OS : GNU/Linux Fedora 21 (Béta)
Messagerie : Evolution 3.14
Module : intégré dans Evolution 3.14
Windows 7 + Thunderbird + Enigmail
Merci pour les billets, c'est toujours intéressant !
Bonjour,
Si j'ai bien compris, en suivant ces articles, ont peut envoyer un mail dont on peut être raisonnablement sûr que seul son destinataire légitime pourra le lire. Je me pose plusieurs questions :
– Si on envoie un mail à plusieurs destinataires, chacun recevra-t-il une version spécifique du mail, encodée pour lui seul, ou bien chacun recevra-t-il une version unique lisible par tous (j'avoue ne pas trop voir comment ce serait possible, mais sait-on jamais) ?
– Surtout, j'ai l'impression qu'il n'y a que la moitié du travail de fait : Est-il possible pour mon utilisateur d'être raisonnablement sûr que c'est moi qui lui ai envoyé ce mail ?
Il est possible de chiffrer le message avec plusieurs clefs publiques de manière à ce que plusieurs destinataires puissent le déchiffrer.
Je recommande d'ailleurs de toujours ajouter sa propre clef publique afin de pouvoir relire plus tard le message que l'on a soit-même envoyé.
Le deuxième point concerne la signature du message.

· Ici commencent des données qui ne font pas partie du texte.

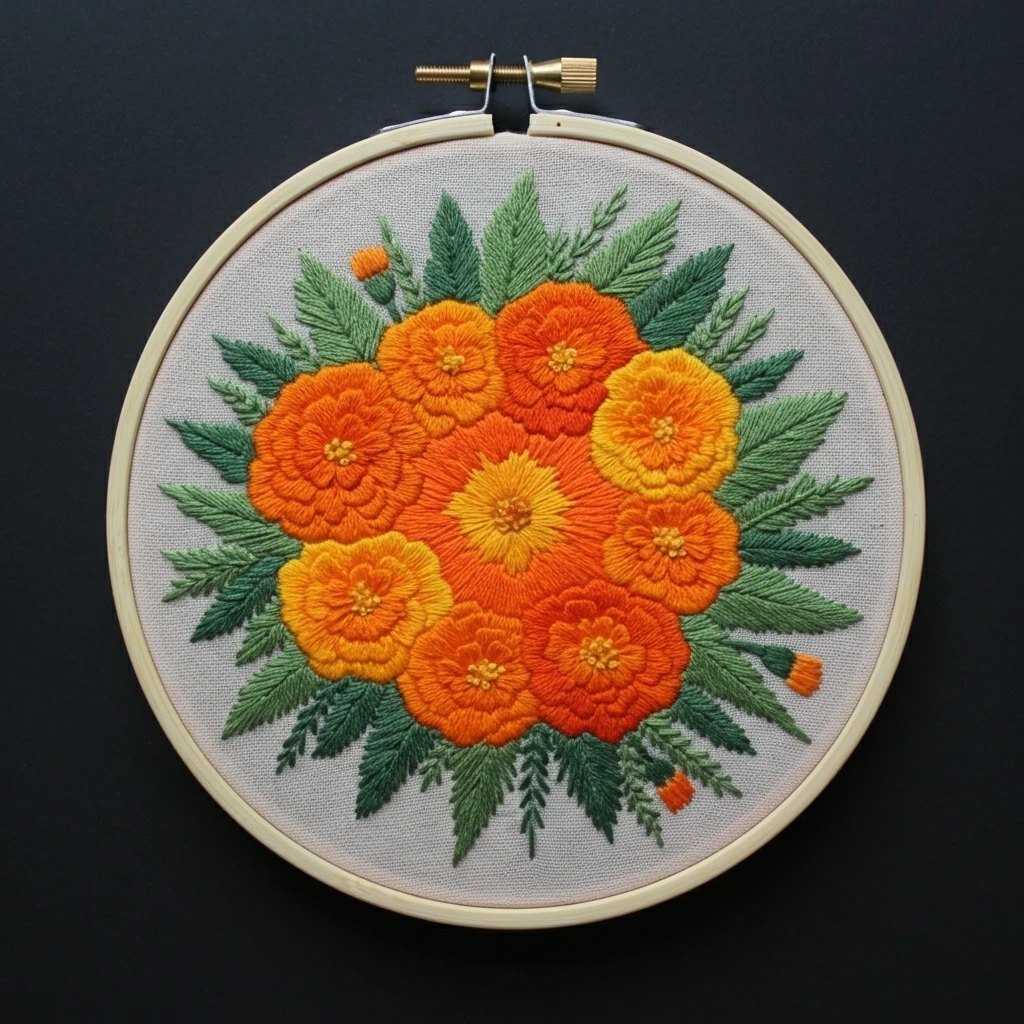 Radiant Marigold Floral Mandala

Je vais y venir dans un prochain billet.
CryptoMailer, c'est quand même bien plus simple! Pas besoin de se prendre la tête pour savoir comment transmettre sa clé publique, par exemple: Tout est intégré. C'est idéal pour quelqu'un dont la crypto n'est pas le métier.
Que ceux qui ne savent pas ce qu'est une clé publique lèvent la main!

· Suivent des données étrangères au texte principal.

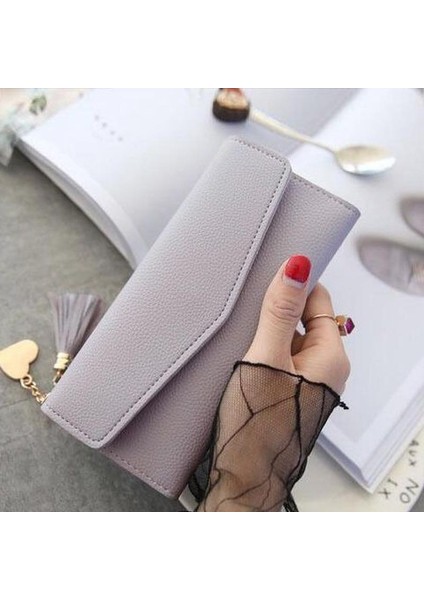 Uzun Cüzdan Kadın Çantalar Püskül Bozuk Para Cüzdanı Kart Sahibinin Kadın Pu Deri Debriyaj Para Çantası Çoklu Kart Yuvaları Cüzdan Telefon Çantası (Yurt Dışından) fırsatları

Il y a beaucoup d'outils très simples, chacun sa préférence. Pour ma part, j'aime bien le chiffrement à clefs publique/privée.
ca tombe bien, CryptoMailer fonctionne à base de clés publiques/privée 😉
Pour ma part, si on a l’intention de crypter ses e-mails c’est que l’on veut s’assurer que personne ne puisse le lire sauf la personne à qui le mail est destiné. Dans ce cas, l’envoie de la clef publique par e-mail n’est pas ce que je dirai des plus sûr car un pirate peut le voir. Du coup, le cryptage ne servirait à rien. Donc, je rejoins votre idée de donner la clef publique via un USB. Sinon, je pense que les dirigeants d’entreprises et ceux qui ont un poste clé pour l’entreprise doivent chiffrer leurs e-mails.
Vous avez raté un élément essentiel du concept clefs publique/privée: la clef publique est… publique, donc le fait qu'elle soit lue par un pirate n'a aucune importance. Vous pouvez donc l'envoyer par email. Le problème est plus dans la garantie que vous avez d'être certain de la provenance et de la sincérité de l'envoyeur, d'où la préférence pour un site web (s'il est sûr) et surtout pour un échange de la main à la main.
On ne dit pas crypter/cryptage, mais chiffrer/chiffrement. Quant à la cryptanalyse, c'est la science du déchiffrement d'un message dont on n'a pas la clef.
Merci beaucoup pour ces précisions. J'ai effectivement raté un point essentiel.